__Instructions to follow__. All entries are to be copied verbatim, while the pictures stay out.

--- START ---

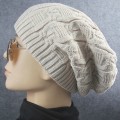 Miniatyrbilde 2 av 4: Cap Mode Hold Varm Vinterluer Strikket Ullue beige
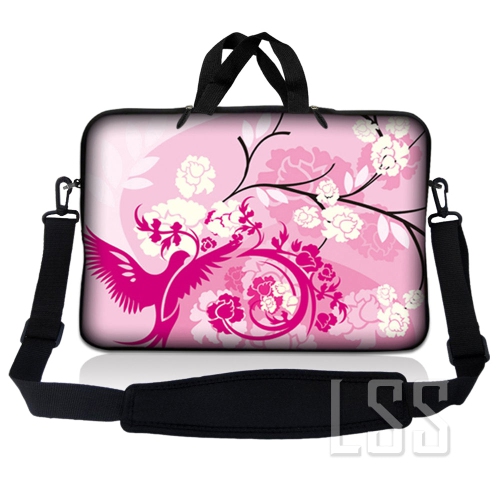 LSS  Laptop Skin Shop 12 - 13.3 Inch Neoprene Laptop Sleeve Bag Carrying Case With Handle And Adjustable Shoulder Strap - Pink Roses Bird Floral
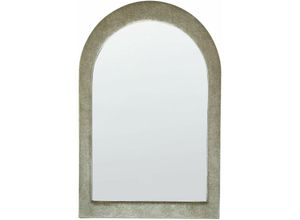 4255664849502 - Beliani - Wandspiegel Olivgrün Glas und Samt 90x60 cm Oval Halbrund mit Breitem Rahmen Modern Wohnaccessoire Wohnzimmer Schlafzimmer Wohnbereich Bad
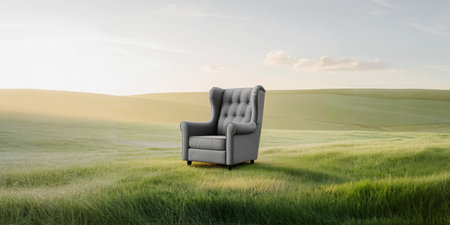 Comfortable armchair on a green meadow. 3d renderの写真素材
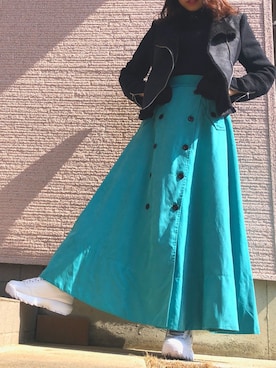 「トレンチスカート」｜「アイテム（ライダースジャケット）」を使った、M♡さん（レディース・156cm）の春コーディネート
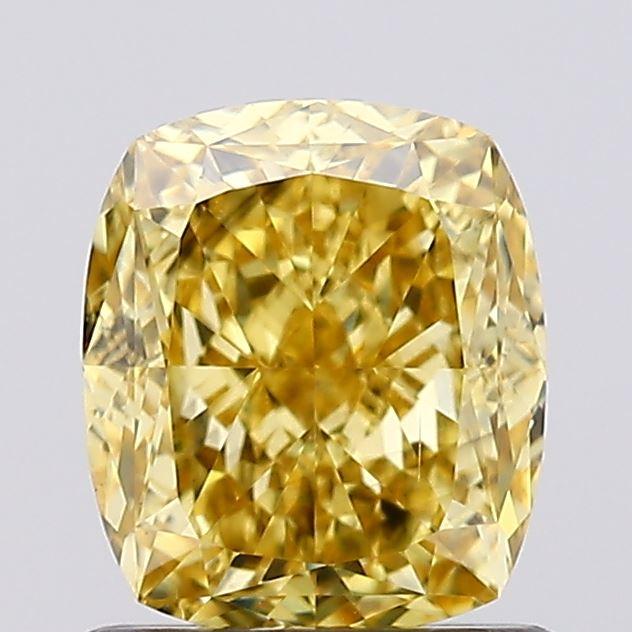 1.16 Ct. Fancy Vivid  Yellow Cushion Lab Grown Diamond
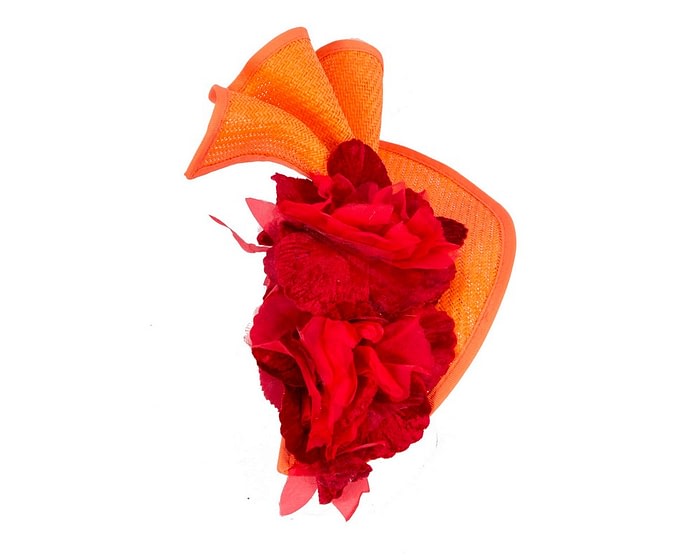 Bespoke large orange and red flower fascinator by Fillies Collection - Image 3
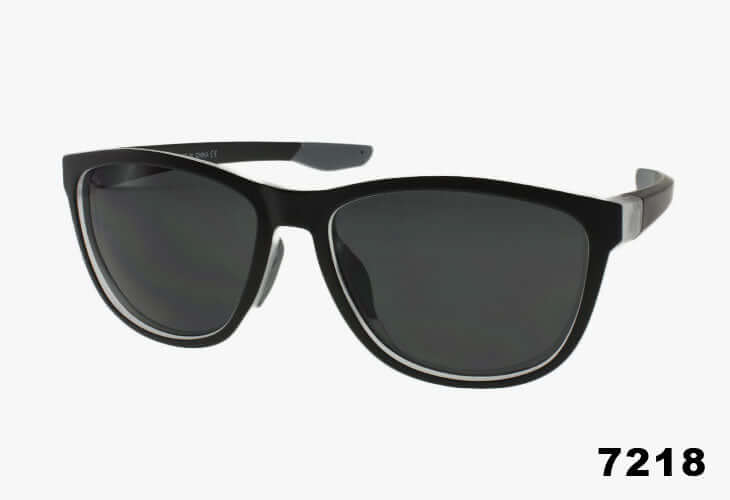 Wholesale Oval Fashion Rubber Lined Sport Style Sunglasses in black with grey detailing and dark lenses, model 7218.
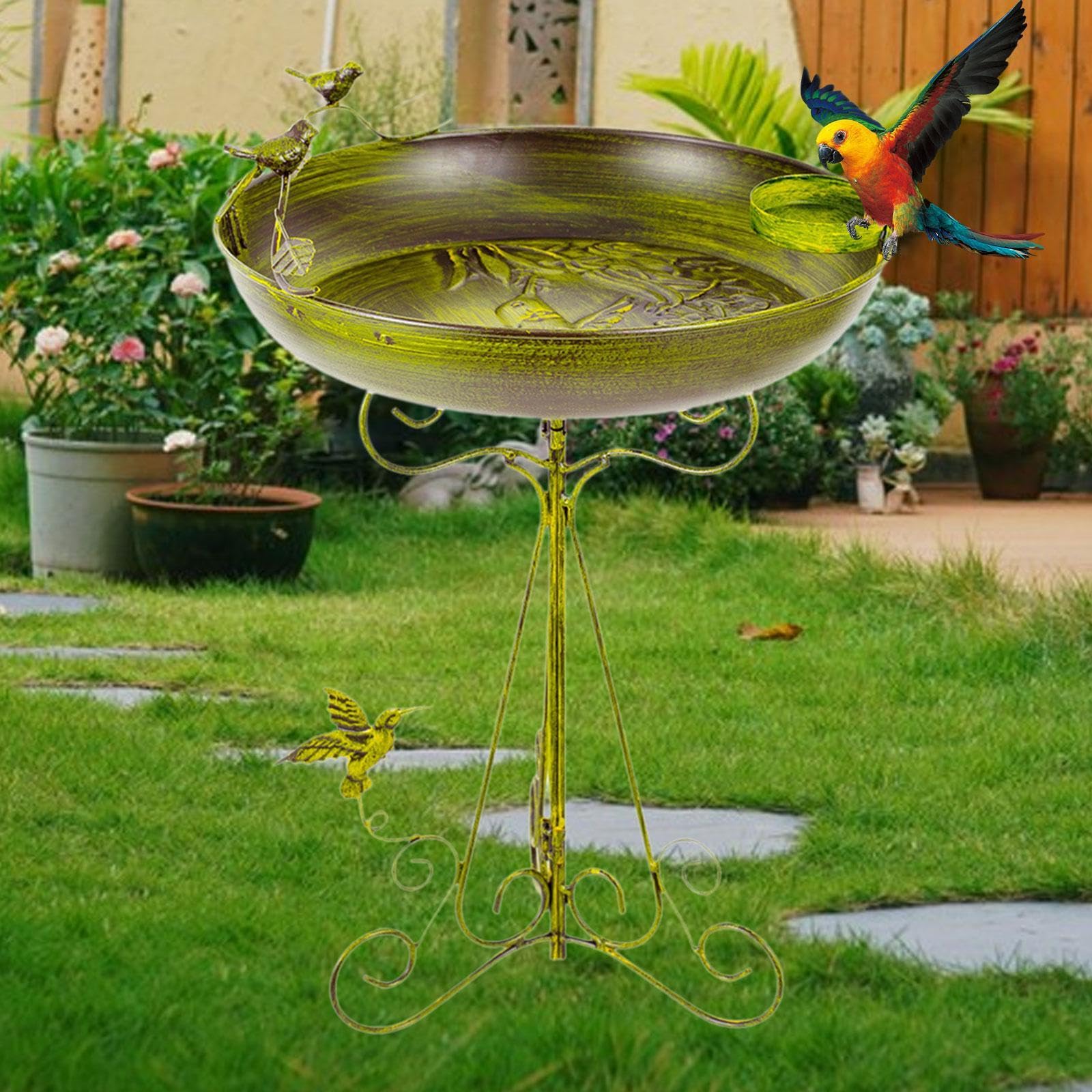 Bebedero para pájaros de hierro de metal para pájaros, comedero, zócalo, cuenco multifuncional para exteriores, para jardín, terraza, patio trasero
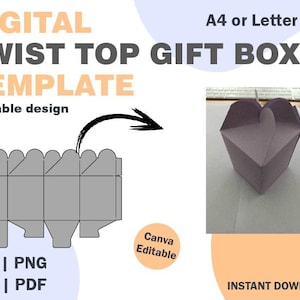 Modello di scatola regalo Twist Top, formati PNG SVG DXF PDF, scatola futuristica, modello di scatola di carta, involucro di scatola, regali di involucro di carta, modello di scatola di regali in formato SVG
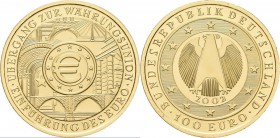 Deutschland: 100 Euro 2002 Währungsunion (D), in Originalkapsel, Jaeger 493, Gold 999/1000, 15,55 g, Stempelglanz.
 [plus 0 % VAT]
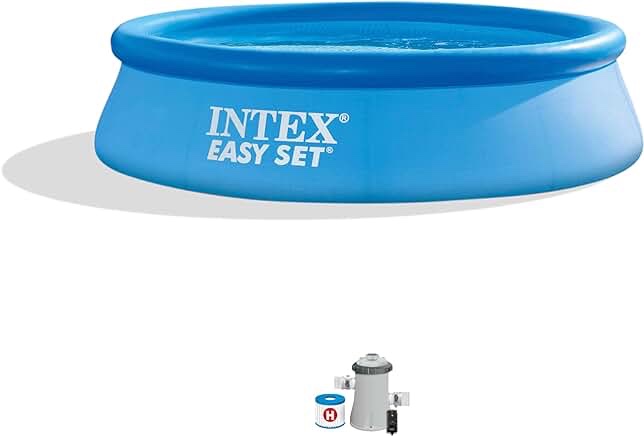 INTEX 28121EH Easy Set Inflatable Swimming Pool Set: 10ft x 30in – includes 530 GPH Cartridge Filter Pump – Puncture-Resistant Material – 1018 Gallon Capacity – 23in Water Depth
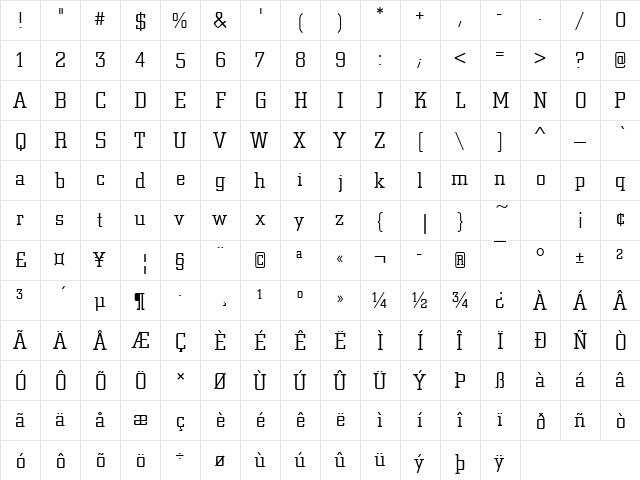 CityDLig Regular font glyphpreview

--- END ---

__Exercise solution__.
 Miniatyrbilde 2 av 4: Cap Mode Hold Varm Vinterluer Strikket Ullue beige
 LSS  Laptop Skin Shop 12 - 13.3 Inch Neoprene Laptop Sleeve Bag Carrying Case With Handle And Adjustable Shoulder Strap - Pink Roses Bird Floral
 4255664849502 - Beliani - Wandspiegel Olivgrün Glas und Samt 90x60 cm Oval Halbrund mit Breitem Rahmen Modern Wohnaccessoire Wohnzimmer Schlafzimmer Wohnbereich Bad
 Comfortable armchair on a green meadow. 3d renderの写真素材
 「トレンチスカート」｜「アイテム（ライダースジャケット）」を使った、M♡さん（レディース・156cm）の春コーディネート
 1.16 Ct. Fancy Vivid  Yellow Cushion Lab Grown Diamond
 Bespoke large orange and red flower fascinator by Fillies Collection - Image 3
 Wholesale Oval Fashion Rubber Lined Sport Style Sunglasses in black with grey detailing and dark lenses, model 7218.
 Bebedero para pájaros de hierro de metal para pájaros, comedero, zócalo, cuenco multifuncional para exteriores, para jardín, terraza, patio trasero
 Modello di scatola regalo Twist Top, formati PNG SVG DXF PDF, scatola futuristica, modello di scatola di carta, involucro di scatola, regali di involucro di carta, modello di scatola di regali in formato SVG
 Deutschland: 100 Euro 2002 Währungsunion (D), in Originalkapsel, Jaeger 493, Gold 999/1000, 15,55 g, Stempelglanz.
 [plus 0 % VAT]
 INTEX 28121EH Easy Set Inflatable Swimming Pool Set: 10ft x 30in – includes 530 GPH Cartridge Filter Pump – Puncture-Resistant Material – 1018 Gallon Capacity – 23in Water Depth
 CityDLig Regular font glyphpreview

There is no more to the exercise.